Organizations across industries want to categorize and extract insights from high volumes of documents of different formats. Manually processing these documents to classify and extract information remains expensive, error prone, and difficult to scale. Advances in generative artificial intelligence (AI) have given rise to intelligent document processing (IDP) solutions that can automate the document classification, and create a cost-effective classification layer capable of handling diverse, unstructured enterprise documents.
Categorizing documents is an important first step in IDP systems. It helps you determine the next set of actions to take depending on the type of document. For example, during the claims adjudication process, the accounts payable team receives the invoice, whereas the claims department manages the contract or policy documents.

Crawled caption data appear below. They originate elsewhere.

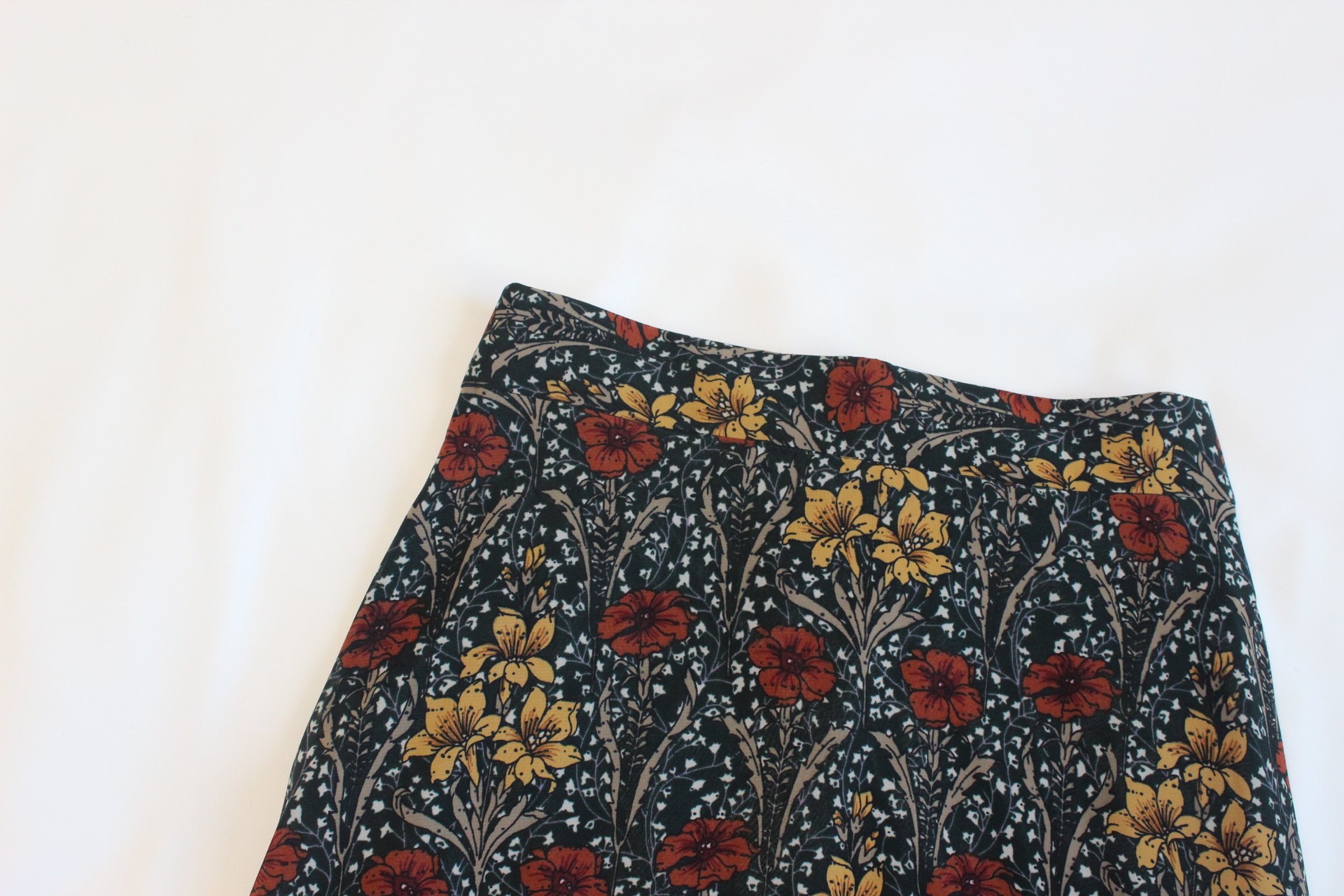 Flower chiffon maxi skirt 2col Winter Coordination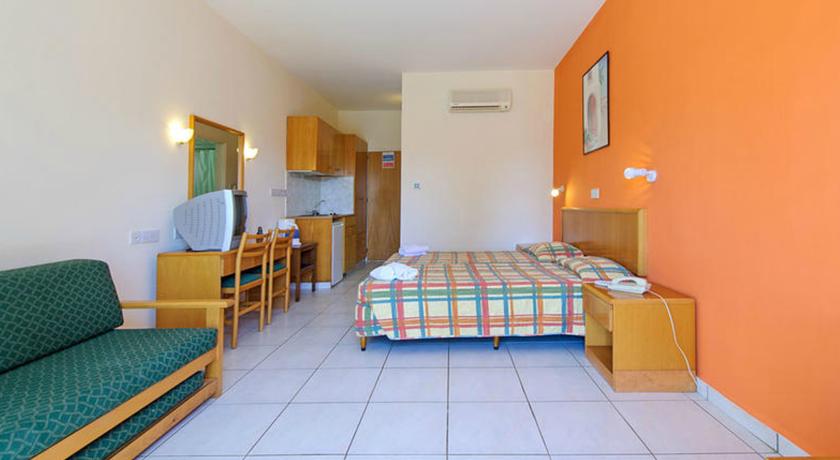 Paramount Hotel 3*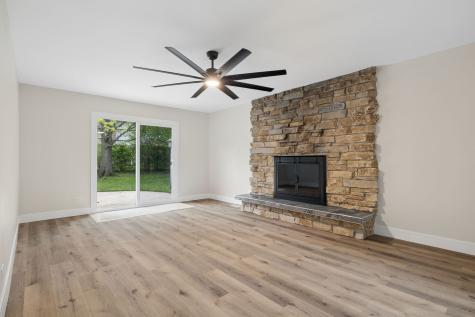 904 Iroquois Avenue Naperville IL 60563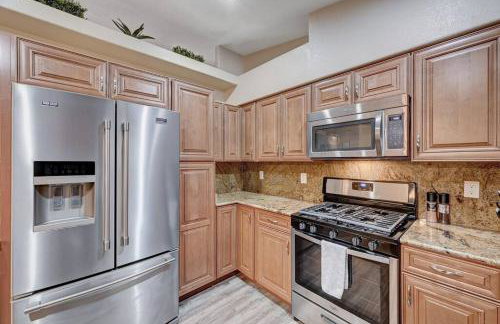 Cozy Getaway with King Bed, BBQ & Spacious Backyard - Photo 19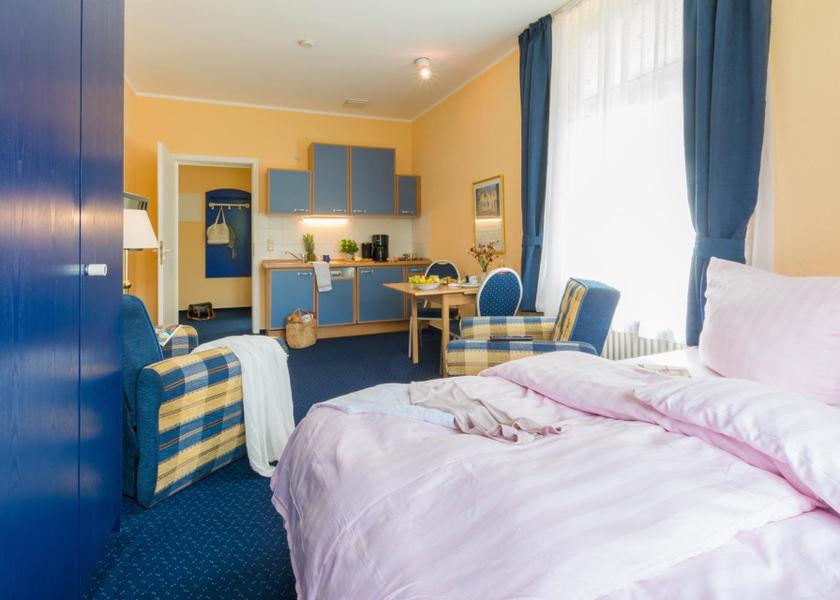 Mecklenburg-West Pomerania Kuehlungsborn 1-Room Apartment (98 ft)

Traditional rule engines or ML-based classification can classify the documents, but often reach a limit on types of document formats and support for the dynamic addition of a new classes of document. For more information, see Amazon Comprehend document classifier adds layout support for higher accuracy.
In this post, we discuss document classification using the Amazon Titan Multimodal Embeddings model to classify any document types without the need for training.

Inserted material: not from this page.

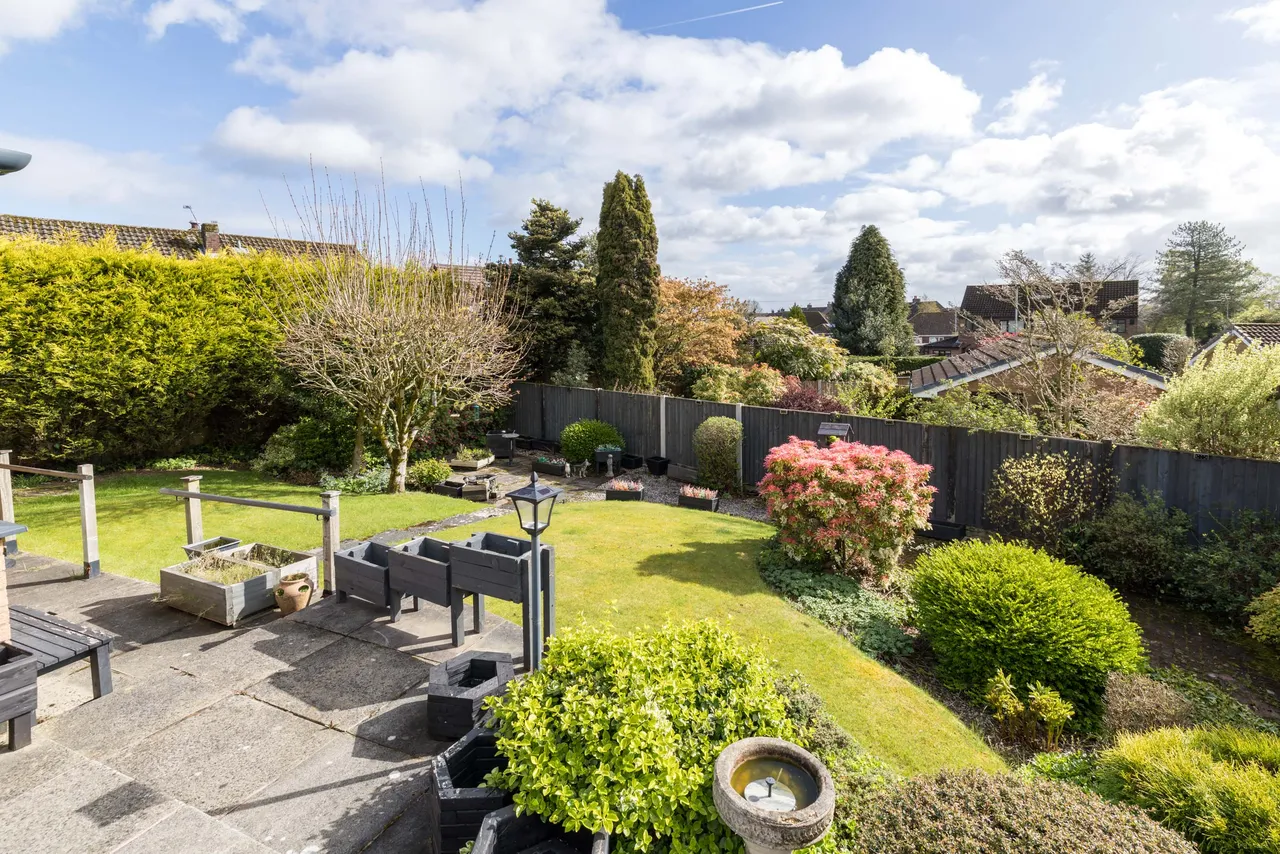 Swinburn Grove, Billinge, WN5, photo 4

Amazon recently introduced Titan Multimodal Embeddings in Amazon Bedrock. This model can create embeddings for images and text, enabling the creation of document embeddings to be used in new document classification workflows.
It generates optimized vector representations of documents scanned as images. By encoding both visual and textual components into unified numerical vectors that encapsulate semantic meaning, it enables rapid indexing, powerful contextual search, and accurate classification of documents.
As new document templates and types emerge in business workflows, you can simply invoke the Amazon Bedrock API to dynamically vectorize them and append to their IDP systems to rapidly enhance document classification capabilities.
Let’s examine the following document classification solution with the Amazon Titan Multimodal Embeddings model. For optimal performance, you should customize the solution to your specific use case and existing IDP pipeline setup.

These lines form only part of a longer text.